» **Task directions**: Taking the line with "1003 Lakeshore Dr, Unit" as the first and the line with "Blu Usata 2017" as the last, set down exactly every line in that range from the entries below, and no more.

» **Data shown**:

----------

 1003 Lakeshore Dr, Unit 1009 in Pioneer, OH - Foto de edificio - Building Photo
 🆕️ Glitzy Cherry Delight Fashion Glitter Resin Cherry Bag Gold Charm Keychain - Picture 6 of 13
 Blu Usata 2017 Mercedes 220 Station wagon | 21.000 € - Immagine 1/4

----------

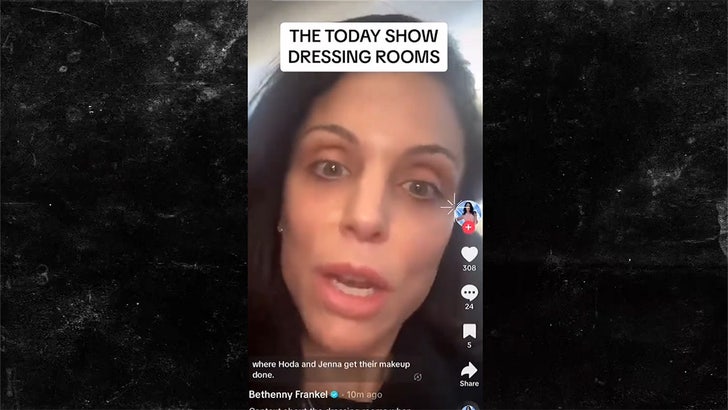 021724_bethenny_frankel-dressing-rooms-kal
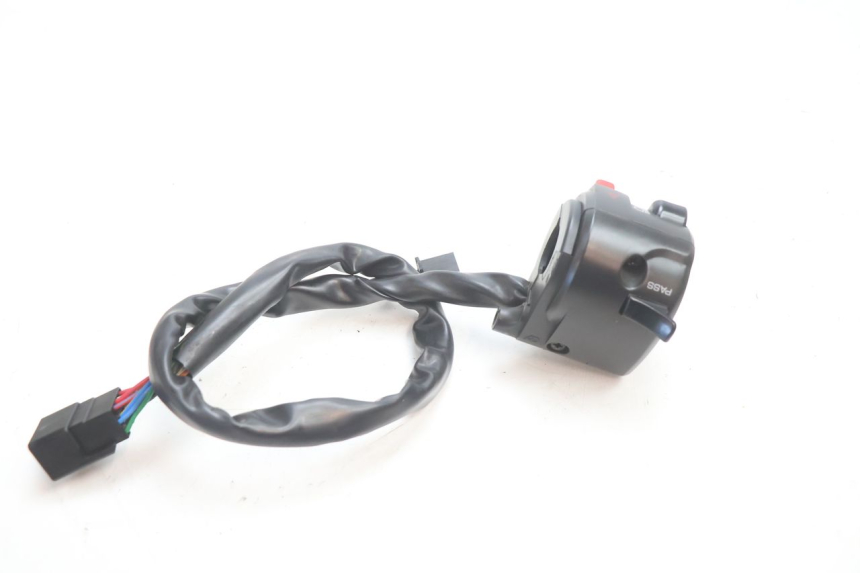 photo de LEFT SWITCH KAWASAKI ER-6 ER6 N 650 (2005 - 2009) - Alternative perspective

----------

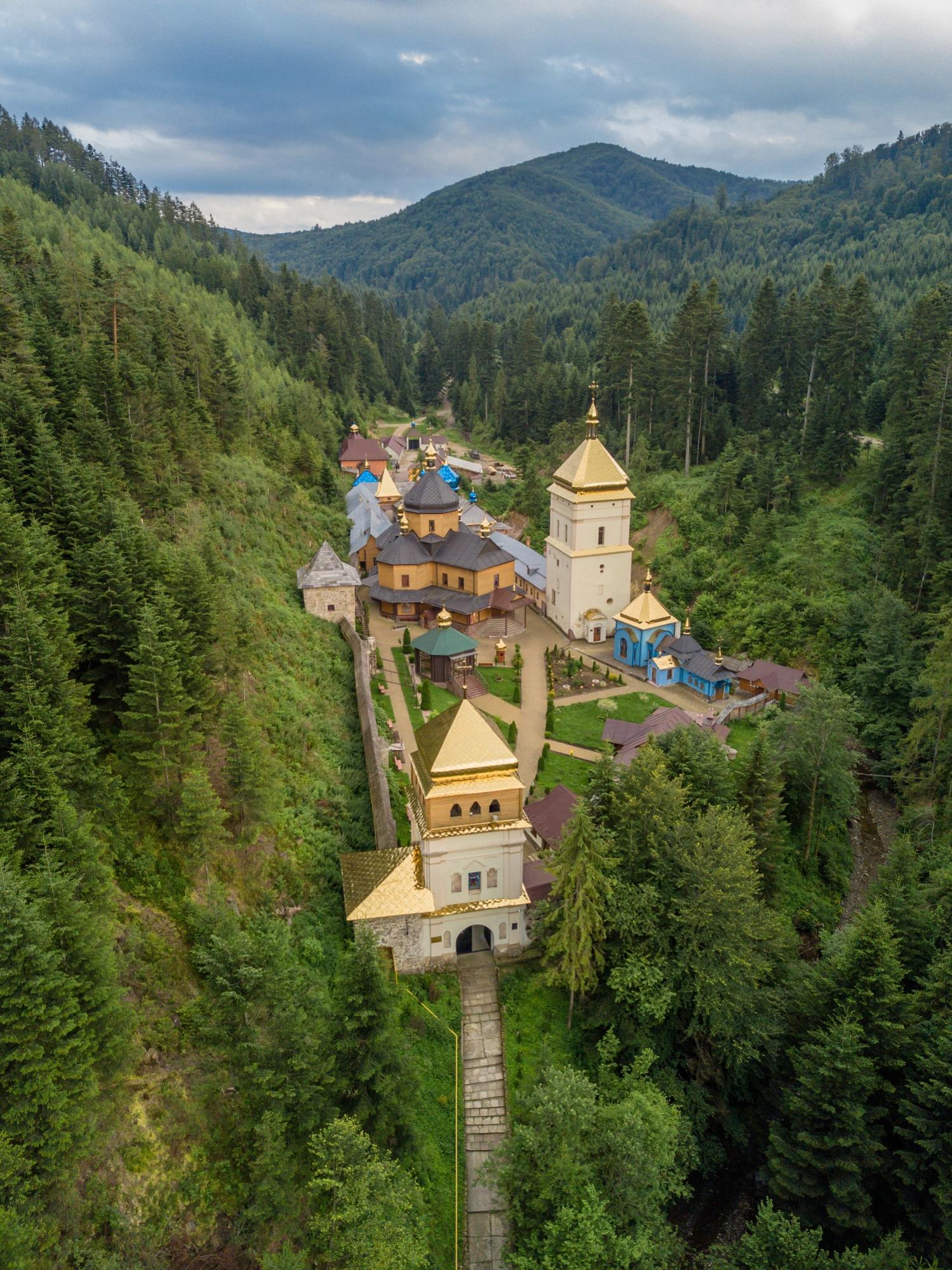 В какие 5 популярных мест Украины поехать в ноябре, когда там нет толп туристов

----------

» **Exercise result**:
 1003 Lakeshore Dr, Unit 1009 in Pioneer, OH - Foto de edificio - Building Photo
 🆕️ Glitzy Cherry Delight Fashion Glitter Resin Cherry Bag Gold Charm Keychain - Picture 6 of 13
 Blu Usata 2017 Mercedes 220 Station wagon | 21.000 € - Immagine 1/4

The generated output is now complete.